You’d like to start cycling more. Maybe you’d like some more exercise, maybe you’d like to avoid the traffic, maybe you’d like to do a little more to help the planet or some or all of the above. You want a general-purpose bike that will let you navigate suburbia, enjoy the open road, make the most of small winding back roads, and even brave the odd gentle trail, and preferably all without breaking the bank!

In short, you’re thinking of buying a mountain bike or a city bike and you’re finding the range of choices intimidating, and you’d like some help figuring out what you want.

My Experiences

I’ve been a keen cyclist for as long as I can remember, and since the very first time I got any significant amount of money (my first Holy Communion at age 6), I’ve been choosing and buying my own bikes!

I’ve always opted for mountain bikes, or their slim-down descendants, city bikes. I’ve always opted for the general-purpose bike, and never for anything specialised, either for extreme off-roading or for racing.

At the moment I do about 50km daily, partially commuting to work, and partially for mental recharge time and exercise. I have two bikes, a very old city bike for commuting, and a nice (relatively) modern mountain bike for my exercise/pleasure spins (a 2017 Big.Seven 500 from German manufacturer Merida).

Basically, I know a lot about general-purpose mountain/city bikes, and very little about anything else! So, if you know you don’t want that kind of bike, I’m the wrong person to listen to 🙂

The Aim of this Segment

It struck me recently that while the basic shape of the bike has hardly changed in a century — a diamond-shaped frame with three horizontal axels (front, rear & centre) and a vertical axel for steering — just about everything else has changed dramatically! There are just so many more decisions you have to make before you hit that big ‘buy’ button these days!

Unless you plan on spending an exorbitant amount of money, or, unless you get very lucky, you’re unlikely to find a bike that has exactly what you want without any tradeoffs. Instead, you’re much more likely to find yourself looking at the spec sheets for a short-list of candidate bikes trying to decide between them. In this kind of scenario you don’t just need to know what you want, but also, how much you want each thing. You can’t make tradeoffs if you don’t know whether having 27 gears is more valuable to you than having hydraulic disk brakes!

So, my hope is that this conversation will help you figure out what your next bike must have, should have, and what would just be nice to have.

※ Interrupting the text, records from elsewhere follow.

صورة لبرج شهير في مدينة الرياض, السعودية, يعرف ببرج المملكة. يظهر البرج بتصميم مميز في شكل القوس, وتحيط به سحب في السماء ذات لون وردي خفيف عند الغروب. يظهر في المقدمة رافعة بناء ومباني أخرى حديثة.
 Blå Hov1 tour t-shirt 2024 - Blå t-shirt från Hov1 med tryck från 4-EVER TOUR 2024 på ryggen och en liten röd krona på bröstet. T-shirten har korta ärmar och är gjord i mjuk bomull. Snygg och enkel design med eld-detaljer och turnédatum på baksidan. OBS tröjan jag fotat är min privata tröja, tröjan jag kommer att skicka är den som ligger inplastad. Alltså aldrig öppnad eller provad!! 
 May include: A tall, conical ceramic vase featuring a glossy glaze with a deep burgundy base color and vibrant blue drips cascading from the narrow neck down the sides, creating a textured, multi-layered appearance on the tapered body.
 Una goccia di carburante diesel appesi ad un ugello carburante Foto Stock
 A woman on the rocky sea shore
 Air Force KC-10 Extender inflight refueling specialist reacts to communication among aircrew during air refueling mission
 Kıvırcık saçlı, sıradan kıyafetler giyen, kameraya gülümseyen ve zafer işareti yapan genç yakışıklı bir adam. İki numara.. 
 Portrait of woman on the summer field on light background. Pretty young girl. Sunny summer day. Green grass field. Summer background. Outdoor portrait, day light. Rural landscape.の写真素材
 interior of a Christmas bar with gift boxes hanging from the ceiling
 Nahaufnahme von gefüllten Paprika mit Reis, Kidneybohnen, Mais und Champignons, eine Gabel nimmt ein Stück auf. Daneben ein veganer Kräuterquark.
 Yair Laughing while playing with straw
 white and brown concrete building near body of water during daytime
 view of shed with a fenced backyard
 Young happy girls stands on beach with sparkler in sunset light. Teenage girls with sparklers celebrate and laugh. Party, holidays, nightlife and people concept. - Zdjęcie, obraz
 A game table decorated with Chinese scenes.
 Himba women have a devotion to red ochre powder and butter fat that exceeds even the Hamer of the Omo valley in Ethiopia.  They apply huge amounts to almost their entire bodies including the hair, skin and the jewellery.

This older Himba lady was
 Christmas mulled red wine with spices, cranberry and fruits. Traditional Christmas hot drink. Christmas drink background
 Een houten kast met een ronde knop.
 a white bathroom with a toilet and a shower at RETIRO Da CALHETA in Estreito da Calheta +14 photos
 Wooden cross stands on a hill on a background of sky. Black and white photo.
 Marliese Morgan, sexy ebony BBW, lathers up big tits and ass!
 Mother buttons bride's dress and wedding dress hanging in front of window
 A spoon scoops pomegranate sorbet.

Question 1 — Big-picture: Frame Shape?

Given our criteria, I’d argue you’re choosing between three broad options:

  1. A traditional simple mountain bike — big frame with traditional angles
    • plenty of mounting points for accessories like drinks cages, mudguards, carriers, panniers, etc..
    • pretty much any accessory is likely to fit because there is plenty of room within the frame, and all the angles are normal
    • Not suitable for trails because of the lack of clearance when you stand over the crossbar
  2. A city bike — like a traditional mountain bike, but with a slimmer frame.
    • Everything above, but lighter
    • Even less suitable for use on trails because the slender frame can’t accommodate wide tyres
  3. An opinionated mountain bike — a small frame with more extreme angles (like my little 15″ Merida)
    • Assuming you buy the right size, should give you plenty of clearance over the crossbar so you can enjoy even quite challenging trails
    • Can usually accommodate very wide tyres, again, making it a better fit for trails
    • Will have fewer mounting points for accessories
    • Many accessories will not fit because of the limited room within the frame, or, because of the odd angles the various bars meet at.

Bearing in mind that I have zero first-hand experience, I would advise against a ladies frame with a low cross-bar. From an engineering point of view, this is an utterly compromised design with forces not being properly distributed around the frame. This design is the result of victorian morals which insisted that women must be able to wear dresses while cycling. Unless you plan to cycle in a dress, my advice is to steer clear of these structurally inferior frames!

Question 2 — Suspension

These days this is an easy question.

For a general-purpose bike, you don’t want, let alone need, rear suspension. Suspension is designed to dampen shocks, so by design, the suspension absorbs energy (technically it converts mechanical energy to heat). Rear suspension sits between your pedals and your driving wheel. With each rotation of the pedals, you’ll bounce the rear suspension, wasting some of that force you’re working so hard to generate!

You do want front suspension because it will protect your wrists and allow you to retain good control of your bike on rough terrain. Without front suspension, there’s only the tyre between your handlebars and the bangs and vibrations from the surface you’re cycling on. If that surface is in any way rough you won’t be able to hold onto the handlebars tightly, and that’s simply dangerous! Not to mention the risk of damaging your writs by making them absorb all those shocks and vibrations!

IMO, you need a so-called hard tail design, i.e. front suspension but no rear suspension.

Adjustable suspension is a nice-to-have IMO, but absolutely not vital (neither of my current bikes have it, though past bikes have and I’ve simply set it once and never changed it again!).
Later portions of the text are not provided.